### Data for analysis
──────────

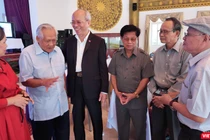 Nhà văn Trầm Hương gặp gỡ nhân chứng lịch sử - Anh hùng LLVT Hồ Đắc Thạnh (người đang nói) - Thuyền trưởng Tàu Không số. Bên cạnh ông là GS.TS nhà văn Trình Quang Phú và các nhà văn đến giao lưu tại buổi khai mạc trại viết. Ảnh: Hoà Bình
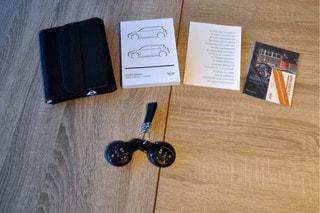 Thumbnail Mobil 6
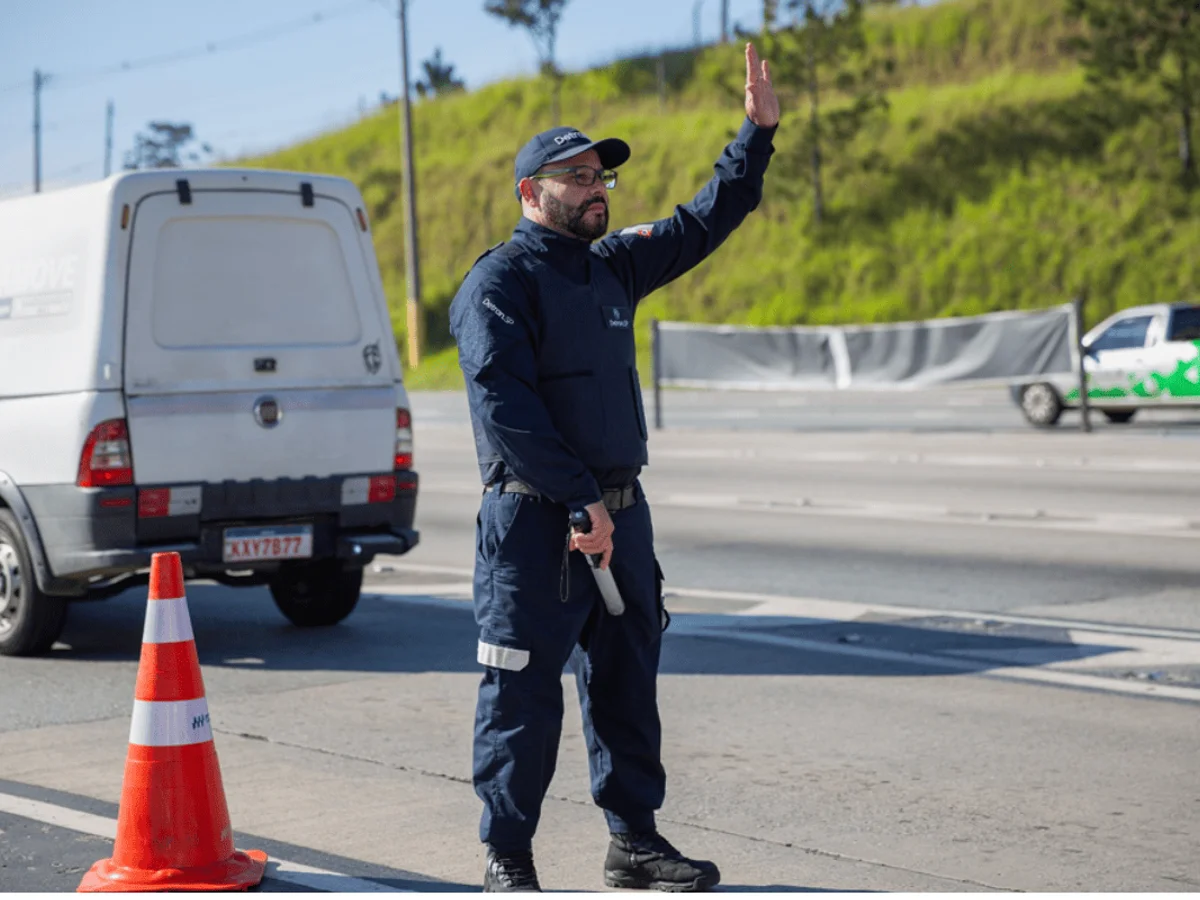Detran-SP abre concurso para agentes de trânsito. Salário é de R$ 5,7 mil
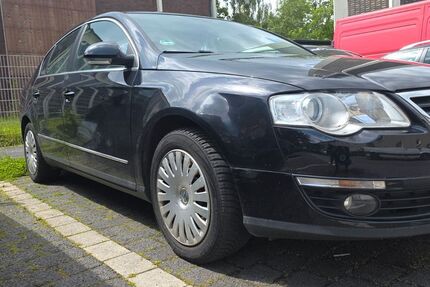 VW Passat 213.500 km 2.500 &euro; Oberhausen 46119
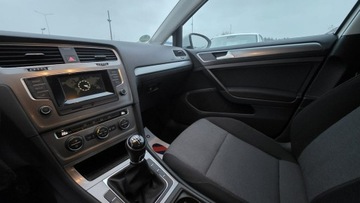 Volkswagen Golf VII Hatchback 3d 1.2 TSI 85KM 2014 Volkswagen Golf Mały Przebieg climatronic, zdjęcie 14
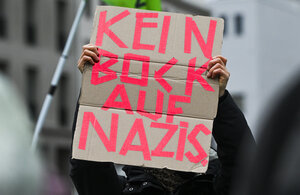 Das Bild zeigt ein Protestplakat mit der Aufschrift 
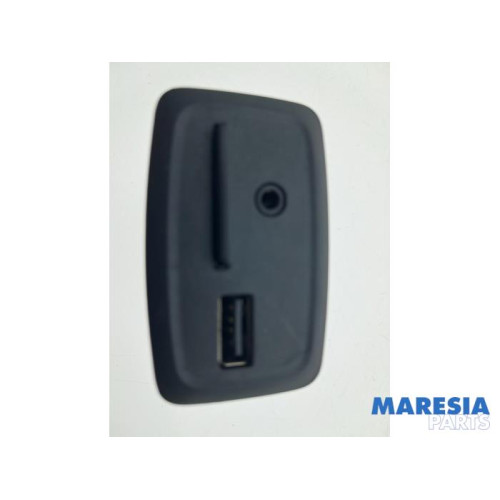Renault - Captur - AUX / USB-Anschluss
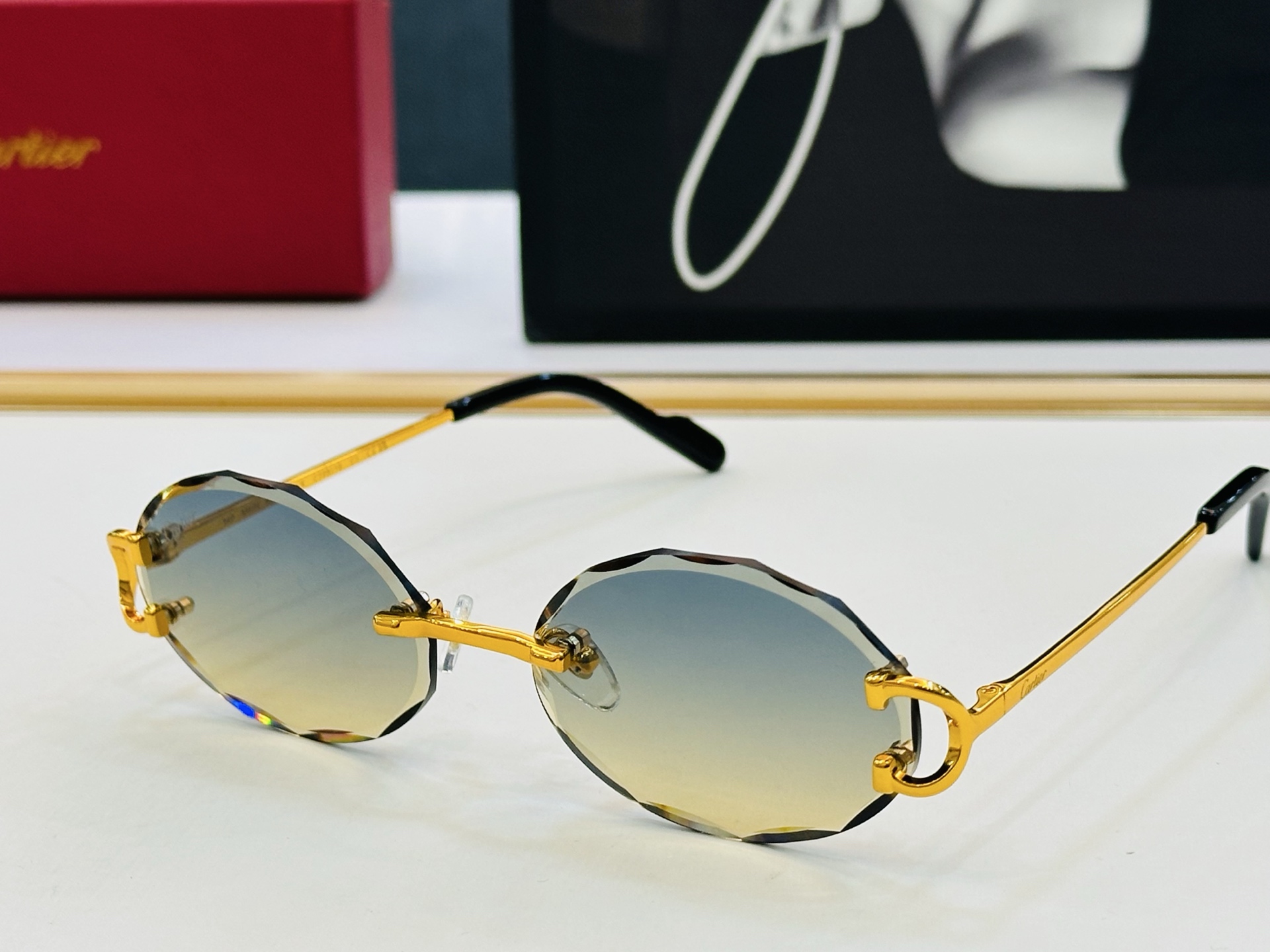 Cartie* 卡家 CT0911S 太阳镜 Size：56口17-140 工艺精湛气质十足！X男女同款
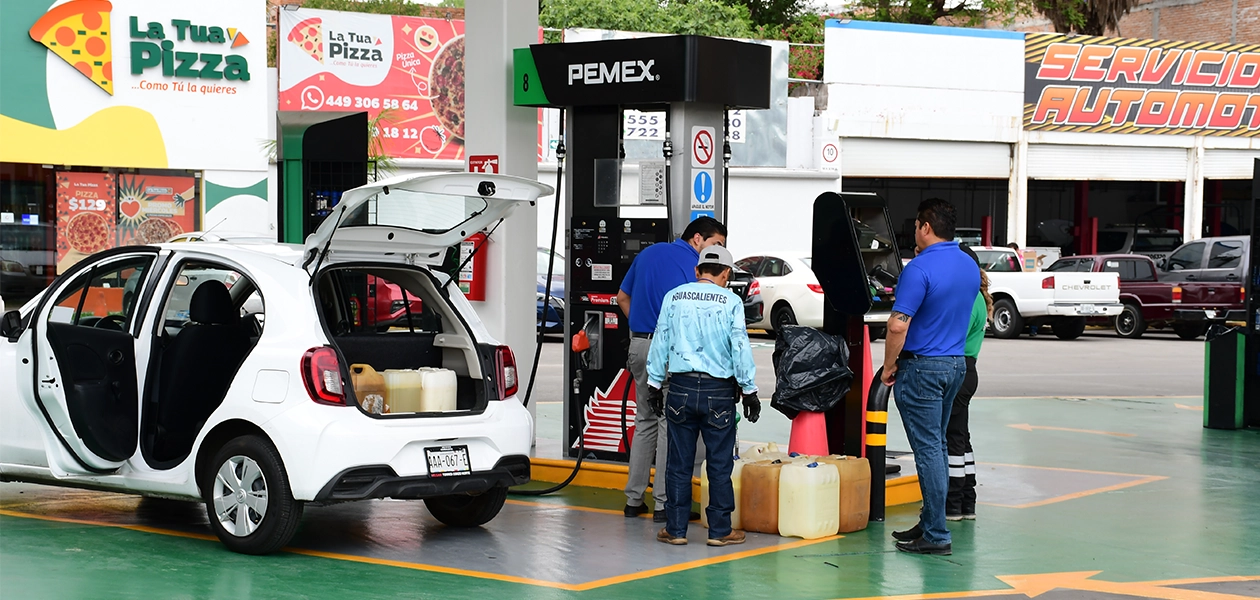 Pemex dice que hay “producto y despacho suficiente” a gasolineros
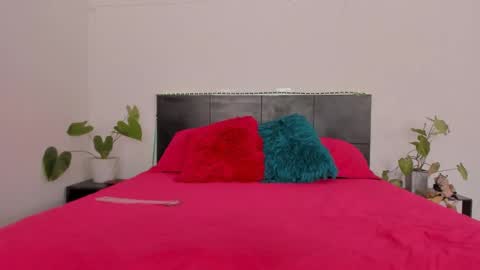 Snapshot of sarahredi chatting on January 2025 07:35:02 PM Girl next door online show from January 2025 07:35:02 PM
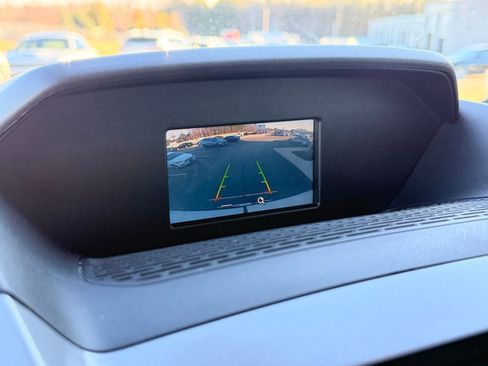 Used 2018 Ford Transit 150 XLT image 23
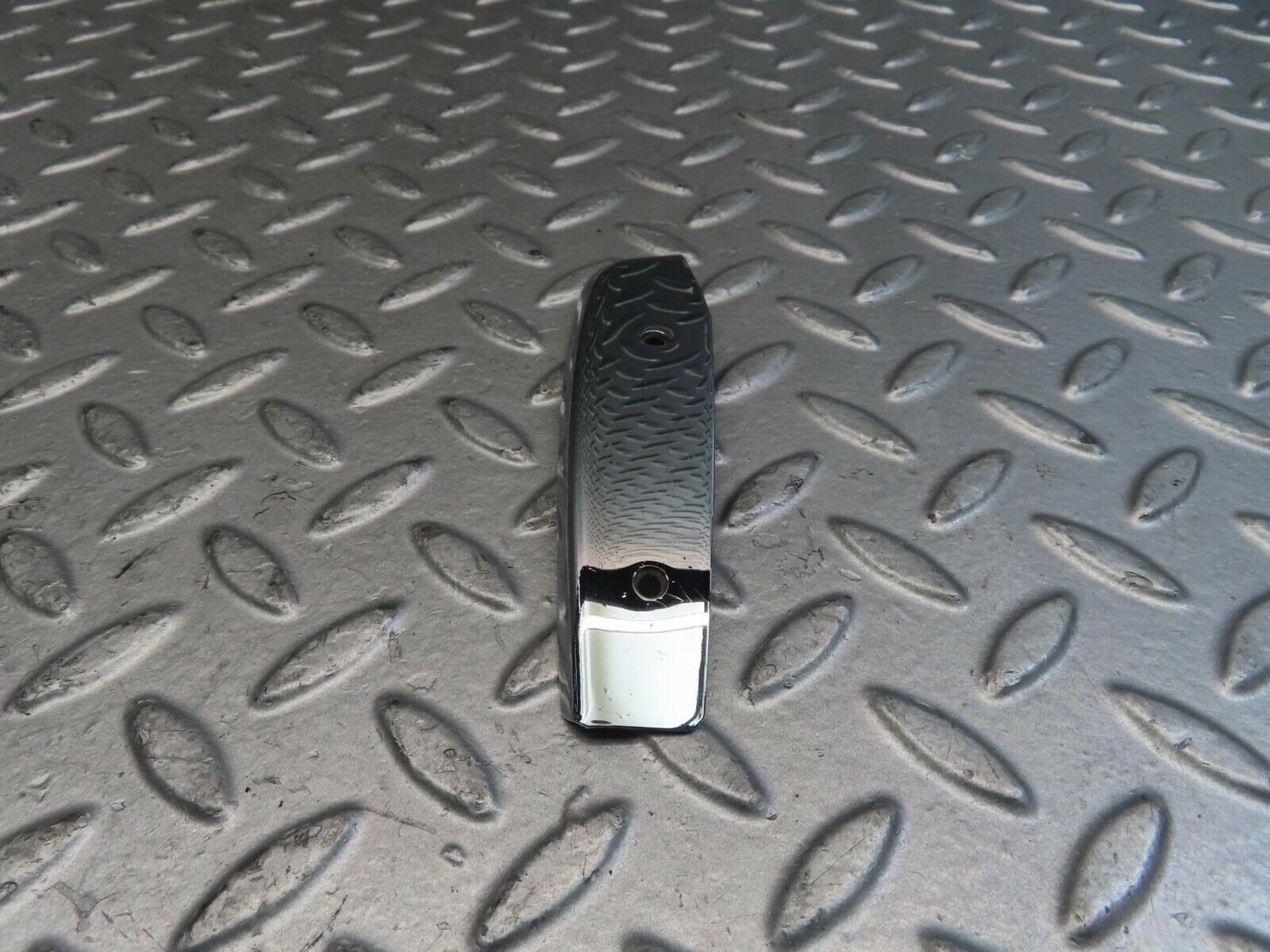 11360 Mercedes-Benz C123 230CE Coupe Left Door Chrome Front Cover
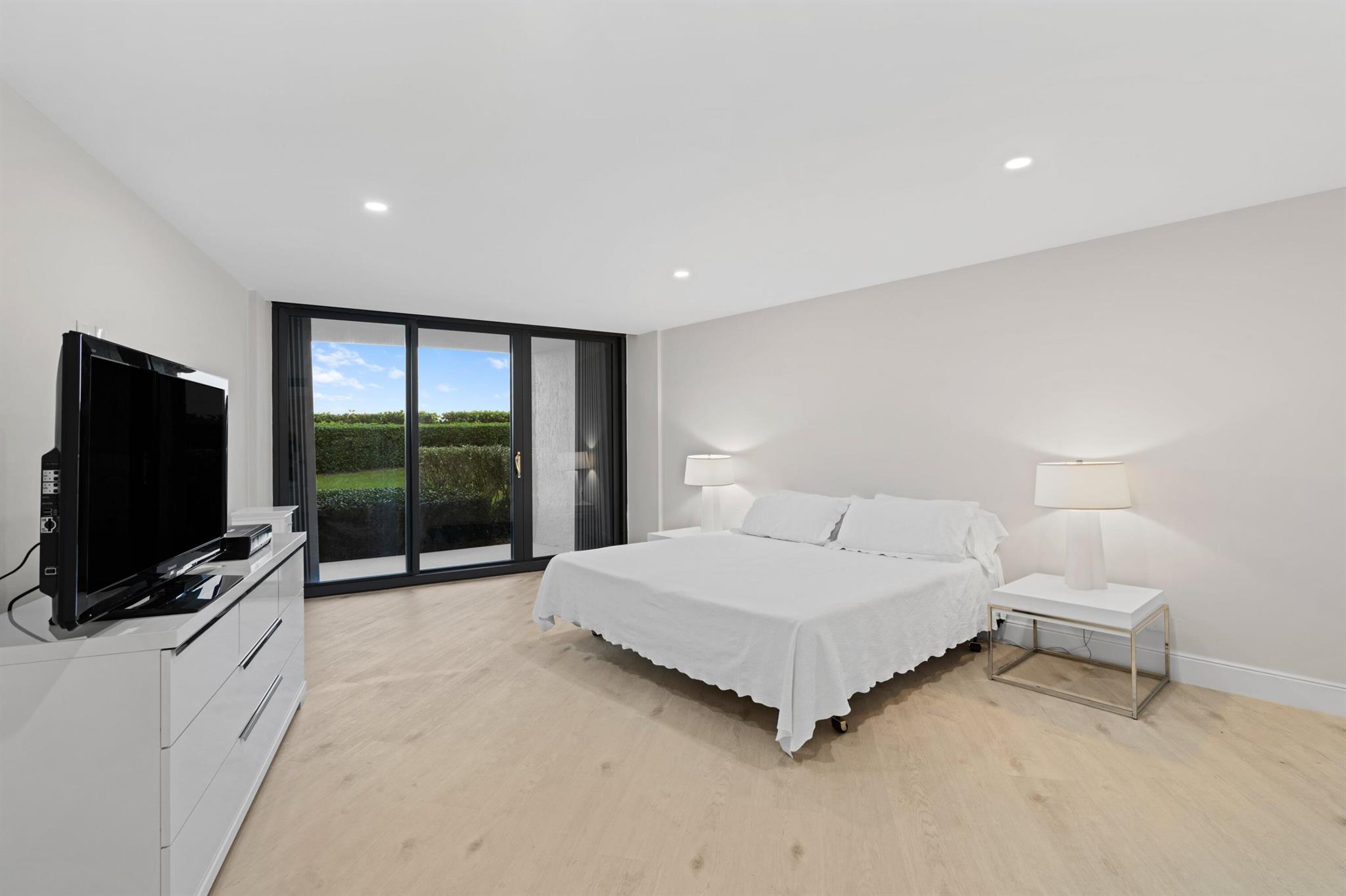 THIRTY-THREE SIXTY CONDO - Residential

──────────

### Task
A verbatim copy of the data, free of pictures, is the expected answer.

### Task result
 Nhà văn Trầm Hương gặp gỡ nhân chứng lịch sử - Anh hùng LLVT Hồ Đắc Thạnh (người đang nói) - Thuyền trưởng Tàu Không số. Bên cạnh ông là GS.TS nhà văn Trình Quang Phú và các nhà văn đến giao lưu tại buổi khai mạc trại viết. Ảnh: Hoà Bình
 Thumbnail Mobil 6
Detran-SP abre concurso para agentes de trânsito. Salário é de R$ 5,7 mil
 VW Passat 213.500 km 2.500 &euro; Oberhausen 46119
 Volkswagen Golf VII Hatchback 3d 1.2 TSI 85KM 2014 Volkswagen Golf Mały Przebieg climatronic, zdjęcie 14
 Das Bild zeigt ein Protestplakat mit der Aufschrift 
Renault - Captur - AUX / USB-Anschluss
 Cartie* 卡家 CT0911S 太阳镜 Size：56口17-140 工艺精湛气质十足！X男女同款
 Pemex dice que hay “producto y despacho suficiente” a gasolineros
 Snapshot of sarahredi chatting on January 2025 07:35:02 PM Girl next door online show from January 2025 07:35:02 PM
 Used 2018 Ford Transit 150 XLT image 23
 11360 Mercedes-Benz C123 230CE Coupe Left Door Chrome Front Cover
 THIRTY-THREE SIXTY CONDO - Residential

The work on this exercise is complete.